ImageFile.LOAD_TRUNCATED_IMAGES = True

# Google Drive 마운트
from google.colab import drive
drive.mount('/content/drive')

print(f"✅ PyTorch: {torch.__version__}")
print(f"✅ Lightning: {L.__version__}")
print(f"✅ CUDA 사용 가능: {torch.cuda.is_available()}")
if torch.cuda.is_available():
    print(f"✅ GPU: {torch.cuda.get_device_name(0)}")

## 2. 🧠 모델 컴포넌트 정의
### 2단계에서는 이미지 인코더 추가

In [None]:
# 기본 모듈들 (1단계와 동일)
class PositionalEncoding(nn.Module):
    def __init__(self, d_model, dropout=0.1, max_len=52):
        super(PositionalEncoding, self).__init__()
        self.dropout = nn.Dropout(p=dropout)

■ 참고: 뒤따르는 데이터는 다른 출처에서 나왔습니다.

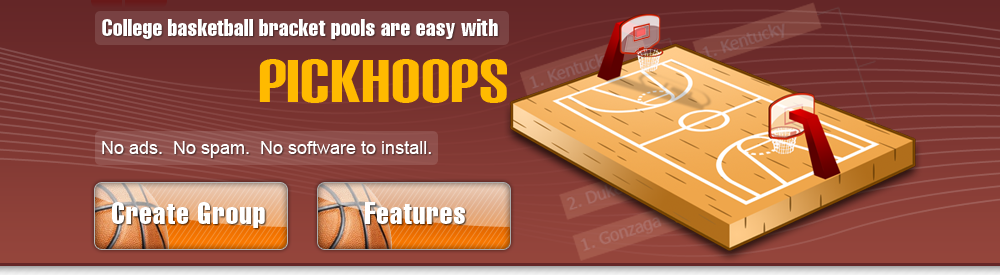 College basketball bracket pools are easy with PickHoops.  No ads, no spam, no software to install.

        pe = torch.zeros(max_len, d_model)
        position = torch.arange(0, max_len, dtype=torch.float).unsqueeze(1)
        div_term = torch.exp(torch.arange(0, d_model, 2).float() * (-math.log(10000.0) / d_model))
        pe[:, 0::2] = torch.sin(position * div_term)
        pe[:, 1::2] = torch.cos(position * div_term)
        pe = pe.unsqueeze(0).transpose(0, 1)
        self.register_buffer('pe', pe)

    def forward(self, x):
        x = x + self.pe[:x.size(0), :]
        return self.dropout(x)

class TimeDistributed(nn.Module):
    def __init__(self, module, batch_first=True):
        super(TimeDistributed, self).__init__()
        self.module = module
        self.batch_first = batch_first

    def forward(self, x):
        if len(x.size()) <= 2:
            return self.module(x)

        x_reshape = x.contiguous().view(-1, x.size(-1))  
        y = self.module(x_reshape)

        if self.batch_first:
            y = y.contiguous().view(x.size(0), -1, y.size(-1))
        else:
            y = y.view(-1, x.size(1), y.size(-1))

        return y

print("✅ 기본 모듈 정의 완료")

In [None]:
# 2단계: Dummy + Image + GTrends 인코더
class DummyEmbedder(nn.Module):
    """시간 정보 (날짜) 임베딩"""
    def __init__(self, embedding_dim):
        super().__init__()
        self.embedding_dim = embedding_dim
        self.day_embedding = nn.Linear(1, embedding_dim)
        self.week_embedding = nn.Linear(1, embedding_dim)
        self.month_embedding = nn.Linear(1, embedding_dim)
        self.year_embedding = nn.Linear(1, embedding_dim)
        self.dummy_fusion = nn.Linear(embedding_dim*4, embedding_dim)
        self.dropout = nn.Dropout(0.2)

    def forward(self, temporal_features):
        d, w, m, y = temporal_features[:, 0].unsqueeze(1), temporal_features[:, 1].unsqueeze(1), \
            temporal_features[:, 2].unsqueeze(1), temporal_features[:, 3].unsqueeze(1)
        d_emb, w_emb, m_emb, y_emb = self.day_embedding(d), self.week_embedding(w), self.month_embedding(m), self.year_embedding(y)
        temporal_embeddings = self.dummy_fusion(torch.cat([d_emb, w_emb, m_emb, y_emb], dim=1))
        temporal_embeddings = self.dropout(temporal_embeddings)
        return temporal_embeddings

class ImageEmbedder(nn.Module):
    """이미지 특성 추출 (ResNet50 사용)"""
    def __init__(self):
        super().__init__()
        # ResNet50 사전 훈련된 모델 사용
        resnet = models.resnet50(pretrained=True)
        modules = list(resnet.children())[:-2]  # 마지막 2개 레이어 제거
        self.resnet = nn.Sequential(*modules)
        
        # 모든 ResNet 파라미터를 trainable로 설정
        for p in self.resnet.parameters():
            p.requires_grad = True
        
    def forward(self, images):        
        img_embeddings = self.resnet(images)  # [batch_size, 2048, 8, 8]
        size = img_embeddings.size()
        out = img_embeddings.view(*size[:2],-1)
        return out.view(*size).contiguous()  # [batch_size, 2048, 8, 8]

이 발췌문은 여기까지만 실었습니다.